● TASK DESCRIPTION: Reproduce, from the lines below, exactly the stretch that begins at the line containing "Nuages blancs dans le ciel bleu à midi l'été" and ends at the line containing "A VINTAGE 5 SPEED TORNADO RACING BIKE", both included.
RECORDED INFORMATION START
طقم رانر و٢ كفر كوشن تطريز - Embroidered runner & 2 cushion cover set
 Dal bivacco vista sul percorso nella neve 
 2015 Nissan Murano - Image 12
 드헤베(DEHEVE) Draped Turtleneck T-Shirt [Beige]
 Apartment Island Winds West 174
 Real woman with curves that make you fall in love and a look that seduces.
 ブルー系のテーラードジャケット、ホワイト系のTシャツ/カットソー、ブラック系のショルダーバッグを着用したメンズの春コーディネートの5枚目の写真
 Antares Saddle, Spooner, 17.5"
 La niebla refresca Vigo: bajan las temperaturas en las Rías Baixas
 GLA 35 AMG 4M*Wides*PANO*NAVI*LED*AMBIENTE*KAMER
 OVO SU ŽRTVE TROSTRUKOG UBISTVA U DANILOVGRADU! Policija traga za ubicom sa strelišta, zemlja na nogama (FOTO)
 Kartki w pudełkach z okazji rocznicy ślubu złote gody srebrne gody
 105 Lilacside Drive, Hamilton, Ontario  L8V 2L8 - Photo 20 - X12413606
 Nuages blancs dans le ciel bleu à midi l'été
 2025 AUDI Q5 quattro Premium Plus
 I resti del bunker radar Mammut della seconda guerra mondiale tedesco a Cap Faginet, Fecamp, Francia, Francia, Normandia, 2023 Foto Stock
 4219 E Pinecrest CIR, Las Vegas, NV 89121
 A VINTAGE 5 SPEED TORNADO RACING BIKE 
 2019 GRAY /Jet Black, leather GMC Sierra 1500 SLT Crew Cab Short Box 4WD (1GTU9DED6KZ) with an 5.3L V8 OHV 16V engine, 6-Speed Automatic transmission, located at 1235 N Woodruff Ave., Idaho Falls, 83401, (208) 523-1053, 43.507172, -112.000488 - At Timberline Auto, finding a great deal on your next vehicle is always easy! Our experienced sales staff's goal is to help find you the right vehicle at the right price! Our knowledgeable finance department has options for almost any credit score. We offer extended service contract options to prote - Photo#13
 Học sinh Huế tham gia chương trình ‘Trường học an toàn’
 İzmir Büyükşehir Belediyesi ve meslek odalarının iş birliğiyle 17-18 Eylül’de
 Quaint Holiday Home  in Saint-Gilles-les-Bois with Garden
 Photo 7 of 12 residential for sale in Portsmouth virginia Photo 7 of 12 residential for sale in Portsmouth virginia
RECORDED INFORMATION END
● EXERCISE RESPONSE:
 Nuages blancs dans le ciel bleu à midi l'été
 2025 AUDI Q5 quattro Premium Plus
 I resti del bunker radar Mammut della seconda guerra mondiale tedesco a Cap Faginet, Fecamp, Francia, Francia, Normandia, 2023 Foto Stock
 4219 E Pinecrest CIR, Las Vegas, NV 89121
 A VINTAGE 5 SPEED TORNADO RACING BIKE 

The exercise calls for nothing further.